History is replete with Great Disorders in which currency debasement has coincided with social infighting and scapegoating. I have written in the past about the Roman inflation of the Third Century AD. The following chart shows the rapid turnover of emperors during what is known as the Third Century Crisis. As trade declined, crops failed and the military suffered what must have seemed like constant defeat, it wasn’t difficult for a successful or even popular general to convince the rest of the empire that he’d make a better fist of governing.
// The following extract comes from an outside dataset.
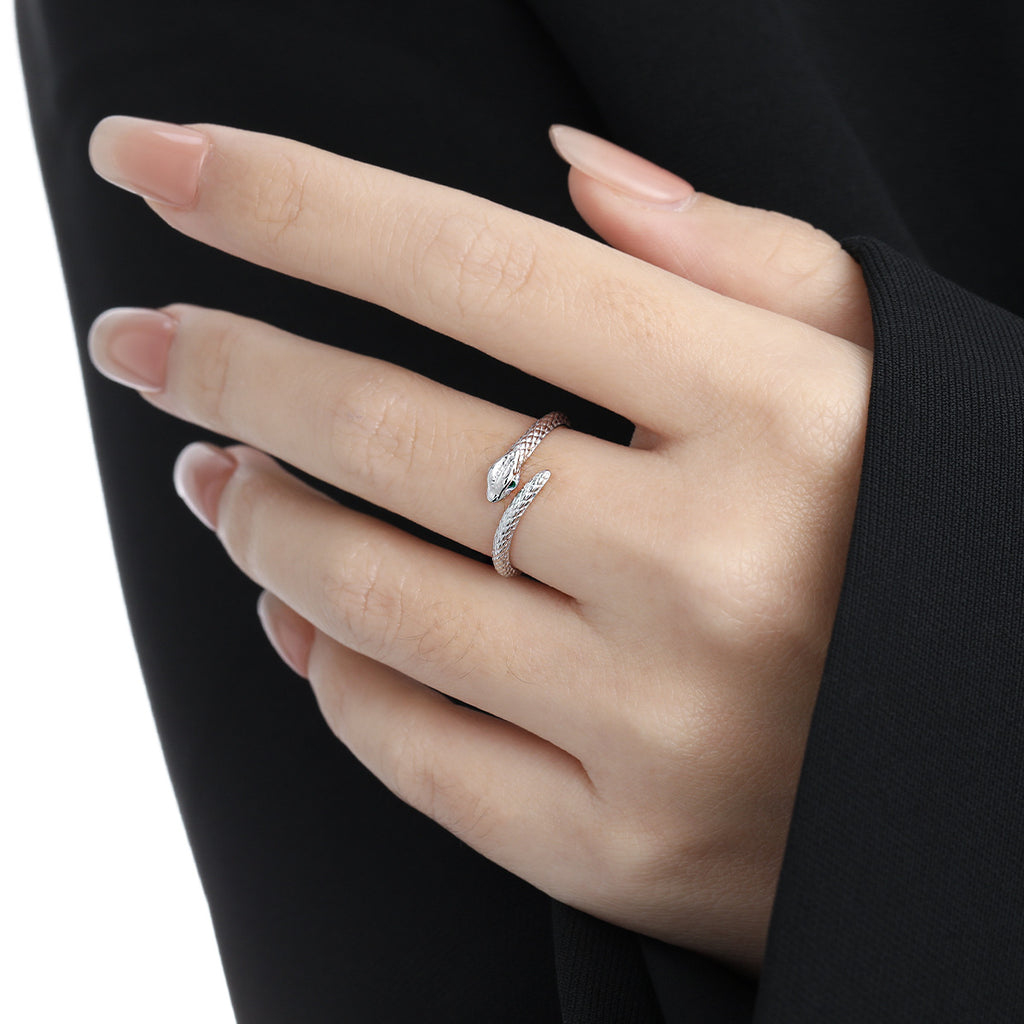 Party Green CZ Eyes Snake Animal 925 Sterling Silver Adjustable Ring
But this political turnover was accompanied by what may be history’s first recorded instance of systematic currency debasement. With the empire no longer expanding and barbarians being forced westwards by the migrations of the Steppe peoples, Rome’s borders were under threat. But the money required to fund defence wasn’t there. Successive emperors therefore reached the same conclusions that kings, princes, tyrants and democratically elected governments would later reach down the ages when faced with a perceived “shortage of money”: they created more by debasing the existing stock. In the second half of the third century, the silver content of a denarius had shrunk to zero. Copper coins disappeared altogether.
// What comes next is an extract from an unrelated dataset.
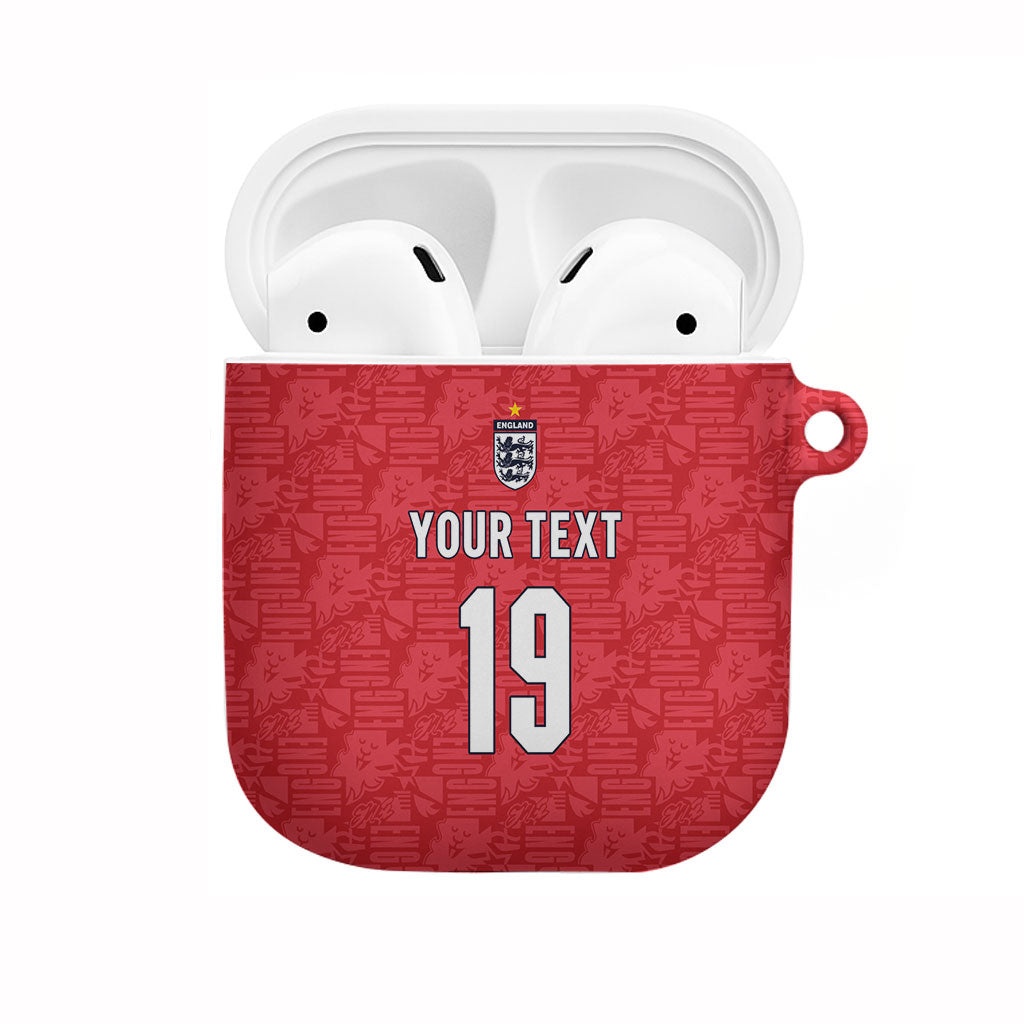 Custom World Football 2026 England AirPods Case Three Lions Monogram Red Glory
This debasement of currency also coincided with a debasement of society. Factions grew more suspicious of one another. Communities fragmented. And one part of the community bore the brunt of the fears: Christians. While Rome had always welcomed new religions and Gods, incorporating new foreign deities as their empire grew, Christians were altogether different. They rejected Rome’s gods. They refused to pray to them. They said that only their God was deserving of worship. The rest of the Romans concluded that this obstinacy must be a source of great anger for their own ancient Roman gods, and supposed that those gods must now be exacting their own great punishment in return.
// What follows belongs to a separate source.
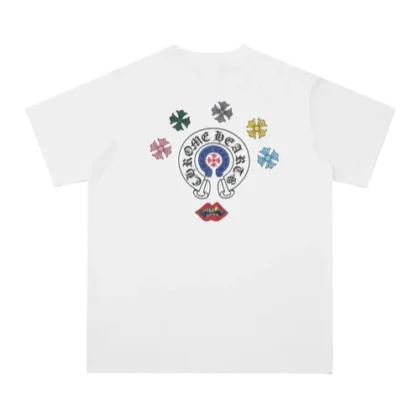 Classic Chrome Hearts Multi Logo and Lips Design White Tee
So the Romans turned on their Christians with a great violence which lasted throughout the period of the currency debasement but peaked with Diocletian’s edict of 303 AD. The edict decreed, among other things, that Christian meeting places be destroyed, Christians holding office be stripped of that office, Christian freedmen be made slaves once more and all scriptures be destroyed. Diocletian’s earlier edict, of 301 AD, sought to regulate prices and set out punishments for ‘profiteers’ whose prices deviated from those set out in the edict.

A similar dynamic seems evident during Europe’s medieval inflations, only now, the confused and vain effort to make sense of the enveloping turmoil saw the blame focus on suspected witches. The following chart shows the UK price index over the period with the incidence of witchcraft trials. Note the peak in trials coinciding with the peak of the price revolution.

Were the same dynamics at work during the French Revolution of 1789? The narrative of Madame Guillotine and her bloody role is well known. However, the execution of royalty by the Paris Commune didn’t begin until 1792, and the Reign of Terror in which Robespierre’s Orwellian sounding “Committee of Public Safety” slaughtered 17,000 nobles and counter-revolutionaries didn’t start until well into 1793. In the words of guillotined revolutionary Georges Danton, this is when the French revolution “ate itself”. But the coincidence of these events to the monetary debasement is striking.

The political violence was justified in part by blaming nobles and counter-revolutionaries for galloping inflation in food prices. It saw ‘speculators’ banned from trading gold, and prices for firewood, coal and grain became subject to strict controls. According to Andrew Dickson White, author of “Fiat Money Inflation in France”, (echoing Keynes’ remark that “wealth-getting degenerates into a gamble and a lottery”) “economic calculation gave way to feverish speculation across the country.”

However, the most tragic of all the inflations in my opinion, and certainly the starkest example of a society turning on itself was the German hyperinflation. Its causes are well known. Morally and financially bankrupt by the First World War, the reparation demands of the Allies (which Keynes argued vociferously against) followed by the French occupation of the Ruhr served to humiliate a once-mighty nation, already on its knees.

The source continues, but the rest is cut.